However, just like with the Ancient Egyptians, when a culture becomes that ingrained in the public consciousness, we tend to learn a lot of things that aren’t actually true. Some of the stranger or less convenient facts get swept entirely under the rug. The Ancient Romans are a fascinating culture, and in some ways stranger or more disgusting than you might have imagined.

10. Christians Weren’t Fed To Lions and Many Tales of Martyrdom Were Exaggerated

One of the most popularly told tales about the Romans is how they fed the Christians to the lions for having the audacity to start a new religion and do their own thing. This has been recounted in so much popular culture it is staggering, and at this point it may be impossible to remove it from the public mindset. The sad part here is that it is incredibly untrue, but the untruth has become so ingrained it may as well be fact to most people. Not only are the stories about feeding Christians to lions without any real basis, but many scholars argue that there is no real proof for the kind of sustained, and targeted persecution that many later Christian writers would put forth.

There were, truthfully, only a handful of scattered years where Christians were ever targeted specifically at all, and many of the more colorful accounts of martyrdom are completely impossible to verify, and there is good reason to believe many of the stories were much exaggerated. Now, this doesn’t mean that Christians weren’t ever put to death for reasons that involved their beliefs, but some scholars argue that in many cases where a Christian was killed for being Christian, it was because they made statements refusing the divinity of the emperor or something similar while in court. This wasn’t a specifically targeted persecution, even if it was a difficult position for them to be in – not wanting to say someone is divine when they do not believe they are.

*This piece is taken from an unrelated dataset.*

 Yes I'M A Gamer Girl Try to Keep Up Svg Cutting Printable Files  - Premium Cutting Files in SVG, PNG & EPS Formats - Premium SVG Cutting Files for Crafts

9. In Ancient Rome the Word Decimate had an Entirely Different Meaning

When we use the word decimate today, we just mean to destroy something really badly, often completely or entirely. This is essentially the correct meaning now because of common usage, but when the term was first coined, its meaning was much more literal. As you might imagine from the root of the word, it originally had to do with the number ten. When a group of soldiers committed some crime, such as desertion, the entire troop would be punished to put them in their place. They would isolate the entire group, and then have them draw lots to decide who was going to die.

The Romans would then force those who were to live to kill the tenth of the troops that drew lots. This meant that, quite literally, they were removing one tenth of that troop, or “decimating” it. This was one of the earlier forms of something referred to today as military discipline, where an entire troop is punished for a few men’s infractions, to make sure the entire troop self-polices. This can be seen some today in modern armies where someone will make a mistake and the entire unit will be forced to pay for the mistake. However, in today’s modern world we don’t kill our troops, we just make them do pushups or something similar.

8. Romans Shared a Sponge on a Stick for Cleaning Up After Using Public Toilets

Today we like to think of Romans as very hygienic for their time. In fact, we often consider them a beacon of cleanliness that the world didn’t see anything like for quite some time. They had their own sewer and water systems and they had public baths and were very much into being clean. However, the truth is that many of the Roman’s habits would disgust many people today who live in some of the countries without much infrastructure. For example, their public bathrooms were a horror show. It wasn’t uncommon for gigantic rats to come out of the sewer, and because they contained gases, fires could erupt randomly.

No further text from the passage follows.